For more than three decades Republican and Democratic officeholders alike had a consensus view that citizens have a basic right to know who is giving and spending money to influence their votes. This bipartisan consensus ended following the Citizens Uniteddecision.

In 2000, for example, when Congress passed the 527 Organization Disclosure Act, 48 Republican Senators and 44 Democratic Senators voted for this disclosure legislation. Ten years later in 2010, no Republican Senators voted for the disclosure legislation that is necessary following the Citizens United decision.

In 2012, the DISCLOSE Act received 53 votes in the Senate but was again short of the 60 votes needed to break a filibuster. Again, no Republican Senator voted for the legislation.

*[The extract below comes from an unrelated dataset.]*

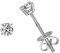 Solide 14 Karat 585 WeißGold Ohrstecker Ohrringe mit Moissanite (Karatgewicht 0.2, Farben D-E, Reinheit VVS) im Runden Brillantschliff Schmuck für Damen Mädchen - Durchmesser: 3 mm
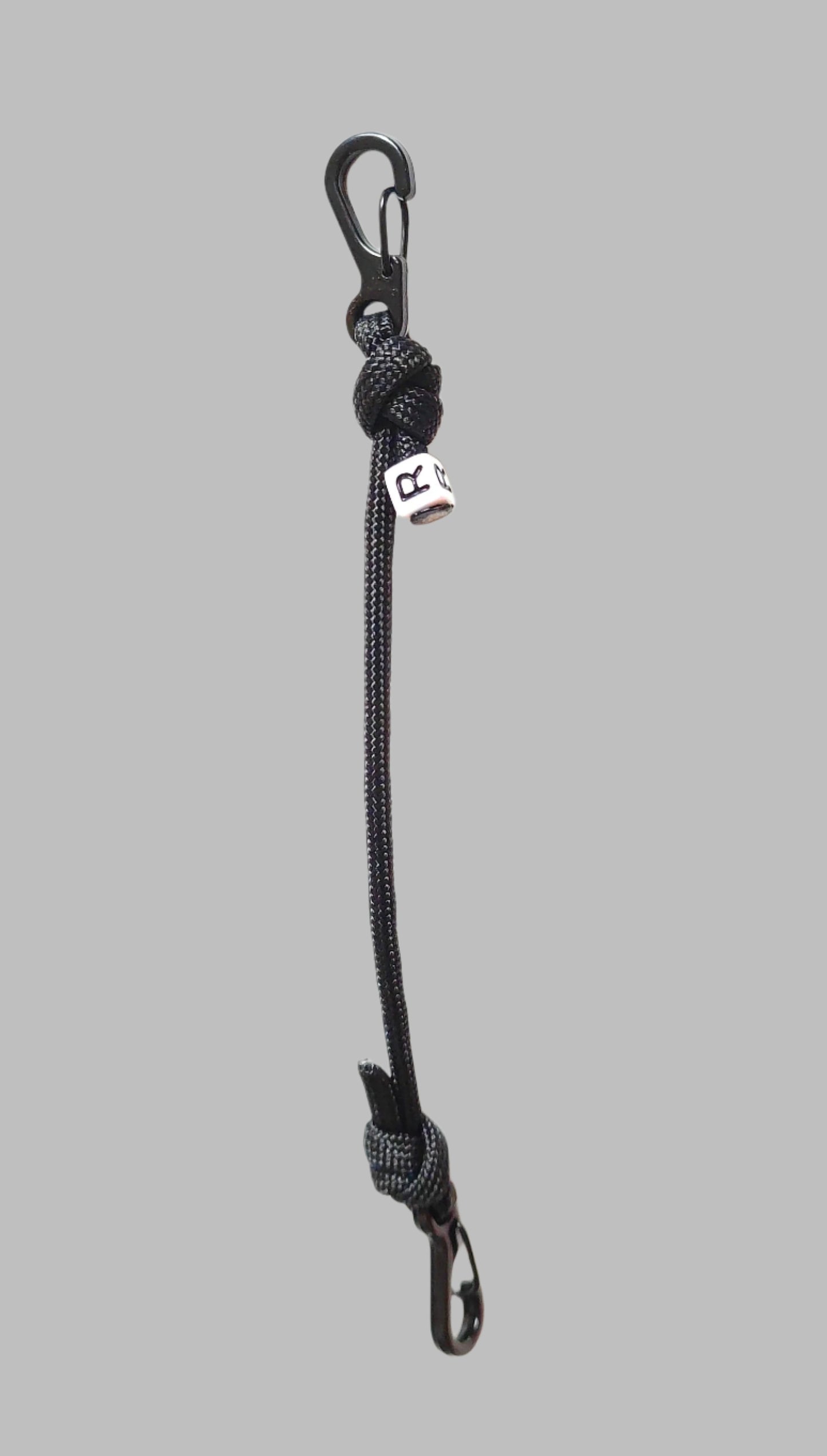 Paracord dog collar to prong safety strap, backup clip, collar safety strap with initial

The effort to enact the DISCLOSE Act will continue in the next Congress with an emphasis on rebuilding bipartisan support for disclosure legislation.

The speech noted:

Unlike in Congress, however, there is no partisan divide in the country over disclosure.

A poll taken this year by the Clarus Research Group found that 88 percent of respondents believe that all political campaign contributions and expenditures should be publicly disclosed. Other national polls have similarly found overwhelming public support for disclosure.

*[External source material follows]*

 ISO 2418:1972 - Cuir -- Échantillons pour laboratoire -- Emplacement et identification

The Supreme Court also has consistently supported and upheld campaign finance disclosure laws for more than three decades.

The speech concluded:

The country is faced today with a corrupt campaign finance system that is doing serious damage to our democracy. This will only get worse in the years ahead until we address the problem.

There are discussions in the media about which political party and which candidates are benefiting most from the outside spending groups. That is not the issue for the country.

The issue for the nation is: what is the massive spending of massive amounts of unlimited contributions doing to our political system and to the interests of the American people?

….

            We are the world’s oldest existing democracy.

We have an obligation to our Founders, to others in the world who look to us as a model for democracy, and most importantly to ourselves to clean up our own house.

A small donor revolution in American politics will help to restore the integrity of our democracy and the health of our representative system of government.

It will also restore citizens to their rightful preeminent place in our democracy.

Democracy 21, along with others, will undertake an all-out-effort beginning in 2013 to build support from citizens, citizens groups, other organizations, business leaders, opinion makers, editorial writers and officeholders for the enactment of the Empowering Citizens Act and the DISCLOSE Act.

We have won these battles before.

We can and will win them again.

I hope you will find a way to join in this effort.